The socialist-Marxist vocabulary and tone of the document are unmistakable. The most significant fact is that evangelical leaders should subscribe to such a document and circulate it far and wide to get other evangelicals to agree with the commitments expressed. Among those who signed were prominent names: Carl Henry, Bernard Ramm, Leighton Ford, Frank Gabelein, Mark Hatfield, and Ronald Sider, an outspoken pro-Marxist theologian.

Out of the 1973 Workshop grew Evangelicals for Social Action (ESA) and the International Consultation on Simple Life Style, which included people like John Stott and Harvie Conn of Westminster Theological Seminary.

Since then, Sider has published four books (Rich Christians in an Age of Hunger, 1977; Christ and Violence, 1979; Living More Simply, 1980; and Cry Justice, 1980). Sider’s ideas are likely to have a far reaching and profound effect on the evangelical world, particularly among the young.

Are the views expressed by Sider and his movement Christian? A review of his writing reveals these findings:

a) Sider quotes liberally from leftist sources, and approvingly from both Karl Barth (neo-orthodox) and from leftists and socialists like Heilbroner and Schumacher. he recommends apostate, non-Christian organizations to his readers.
b) Sider advocates the use of force to take away the property of the rich, and attacks personal charity and generosity.
c) Sider’s thinking and programme are modelled not on Christ but on Marx. His books are full of Marxist vocabulary.
d) Sider’s message is not the message of the Bible. His economics and ethics are not Christian. He misuses Scripture to support his un-Scriptural ideology.

Christians should be warned of theses new heretical movements: Evangelicals for Social Action and International Consultation on Simple Lifestyle.

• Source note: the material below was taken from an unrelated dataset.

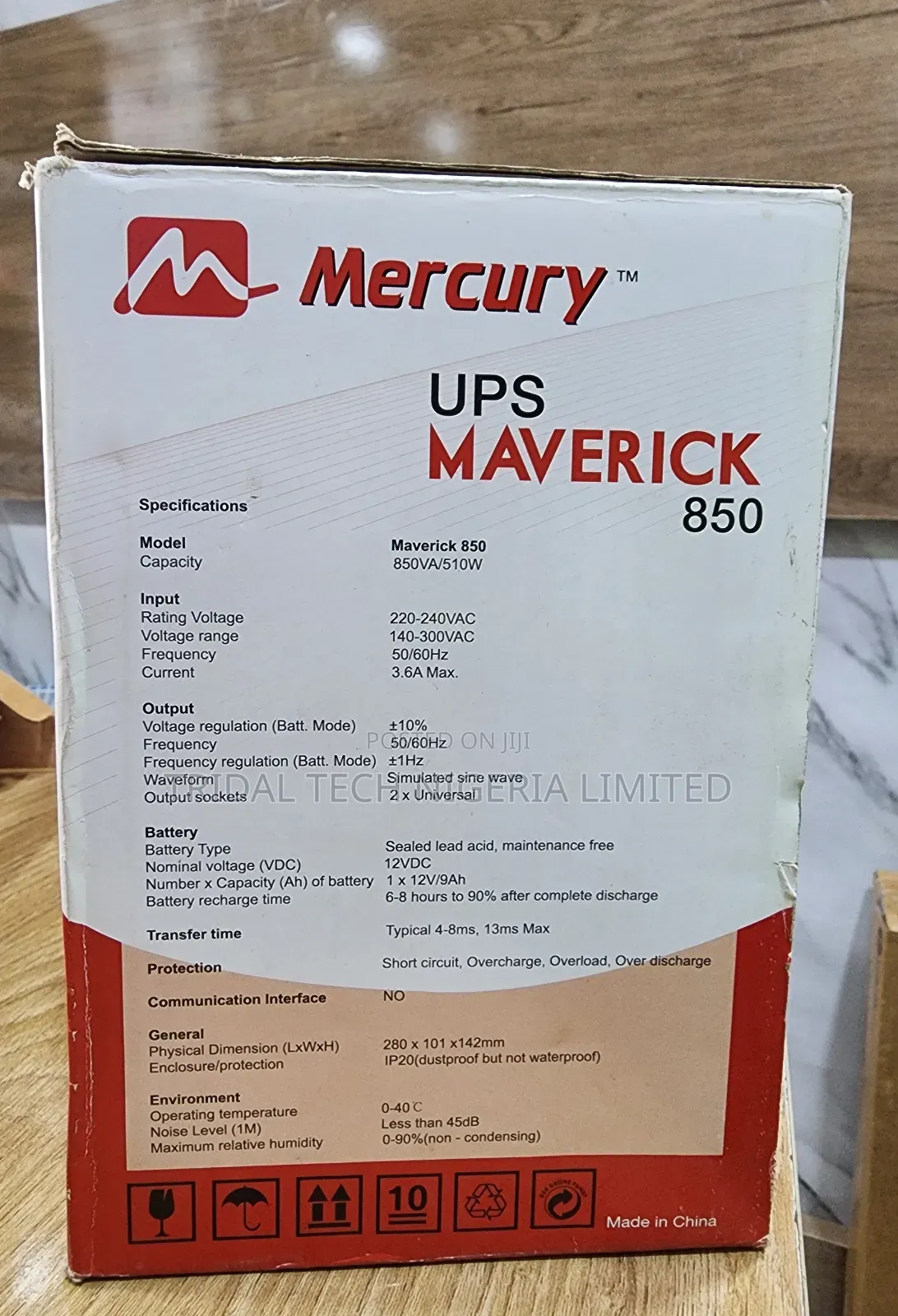 Ups Maverick 850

The Chicago Declaration and the publications following in its wake signal to the world that evangelicals are now firmly set on the road to social involvement. They are turning to the social gospel which their forefathers had fought a half century ago. History has repeated itself.

2. The Lausanne Covenant

At the International Congress on World Evangelization held in Lausanne, Switzerland in 1974, Rev. John Stott introduced "The Lausanne Covenant" to the delegates for their "very solemn personal commitment...to concrete and sacrificial action."

Taking a lead in the signing of the Covenant were Billy Graham, Honorary Chairman of the Congress, and John Stott himself. Below are excerpts from paragraph 5 of the Covenant.

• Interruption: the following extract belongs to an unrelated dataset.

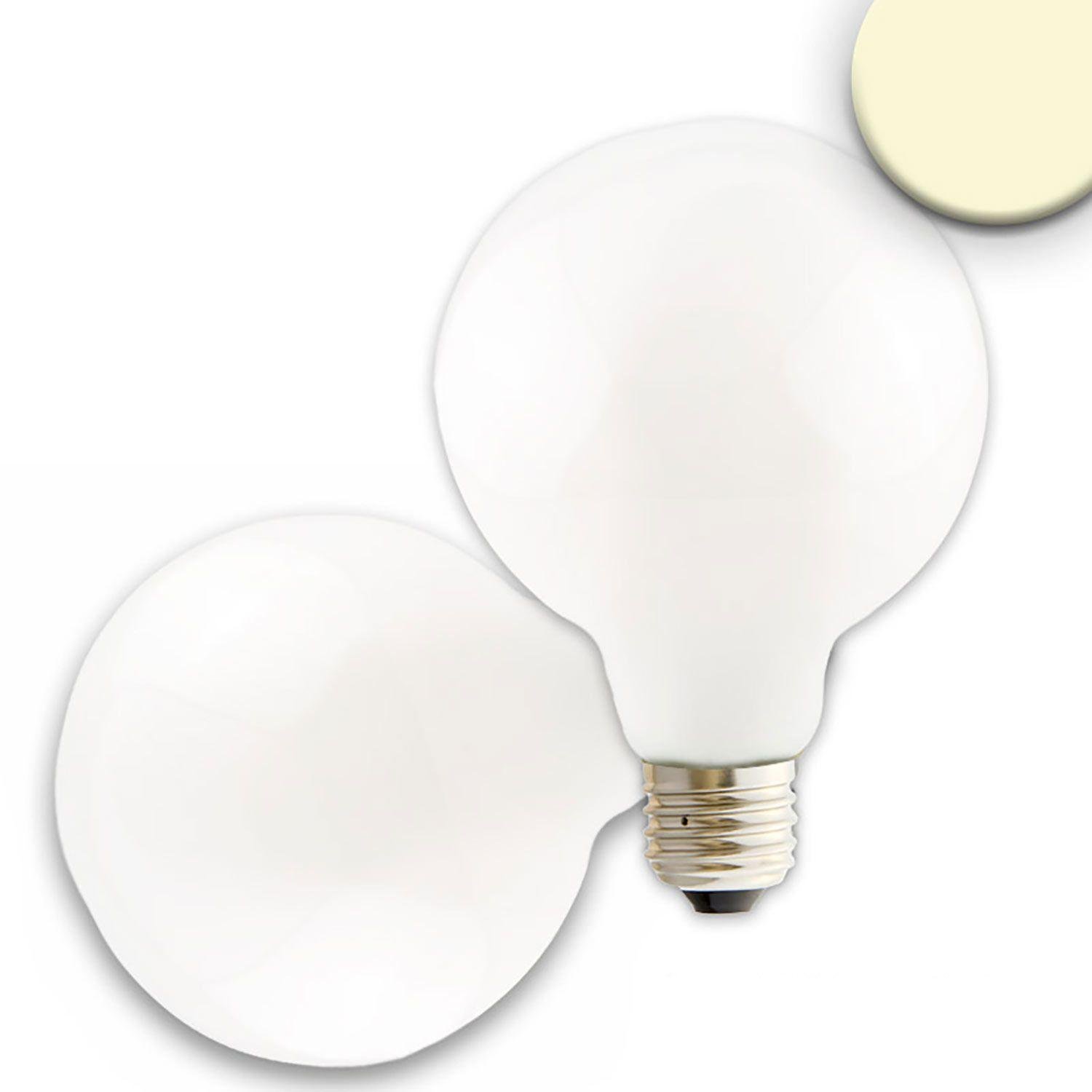 Λάμπα LED E27 G95 8W 2700K Θερμό Λευκό, 360°, Ματ, Dimmable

Christian Social Responsibility
We affirm that God is both the Creator and Judge of all men. We therefore should share his concern for justice and reconciliation throughout human society and for the liberation of men from every kind of oppression...we express penitence both for our neglect and for having sometimes regarded evangelism and social concern as mutually exclusive. Although reconciliation with man is not reconciliation with God, nor is social action evangelism, nor is political liberation salvation, nevertheless we affirm that evangelism and socio-political involvement are both part of our Christian duty...

In section 5 of the Covenant we see the subtle inclusion of the social gospel as part of "Christian Social Responsibility." It declares that political liberation and socio-political involvement are now part of Christian duty. This is a contradiction of our Lord’s commission to His disciples as given in Matthew 28: 19, 20. This Great Commission has always been and will remain the only corporate mandate for the Church, till Jesus comes.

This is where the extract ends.